Guardian
Pakistan premier on official visit to Britain as public back home vent fury at Cameron remarks
Pakistan's president, Asif Zardari, arrives for an official visit to the UK on Tuesday with a continuing storm back home over David Cameron's comments about Pakistani attitudes to terrorism.
Amid fears that security co-operation between Britain and Pakistan could be hit by the row, British officials sought today to play down the significance of the spat, insisting "no long-term damage" had been done by the prime minister's remarks in India last week.
In Pakistan, opposition parties united in demanding that the trip be cancelled; Pakistan's powerful military establishment has already demonstrated its anger by cancelling a visit by a delegation of intelligence officials to the UK.
Zardari – who arrived in France for a three-day trip – will "forcefully take up" the remarks when he meets Cameron, according to Pakistan's information minister, Qamar Zaman Kaira. Attention is most likely to be focused on a session with the prime minister at Chequers on Friday.

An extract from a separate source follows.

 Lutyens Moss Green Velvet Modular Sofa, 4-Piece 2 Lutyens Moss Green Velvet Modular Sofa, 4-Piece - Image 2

"Any continuation of such a policy stance by the UK government could lead to fissures in the historically sound relationship between the two countries," Kaira said in London. "But we hope that this will not happen because Pakistan's stand against terrorism is based on facts evident to everyone."
Cameron started the storm last week when he said Pakistan could no longer "look both ways" by tolerating terrorism while demanding respect as a democracy.
British officials have denied subsequent reports that the head of Pakistan's Inter-Services Intelligence agency, Lieutenant General Ahmed Shuja Pasha, had cancelled a visit to the UK because of the row, saying reports to this effect from Islamabad were based on a "misunderstanding". But Pakistan did show its anger by cancelling a visit by a delegation of ISI officers to the UK. Its members were due to hold talks with their opposite numbers from MI6, MI5 and GCHQ, the government's electronic eavesdropping centre in Cheltenham. A visit to Pakistan by a senior British security figure had also been cancelled.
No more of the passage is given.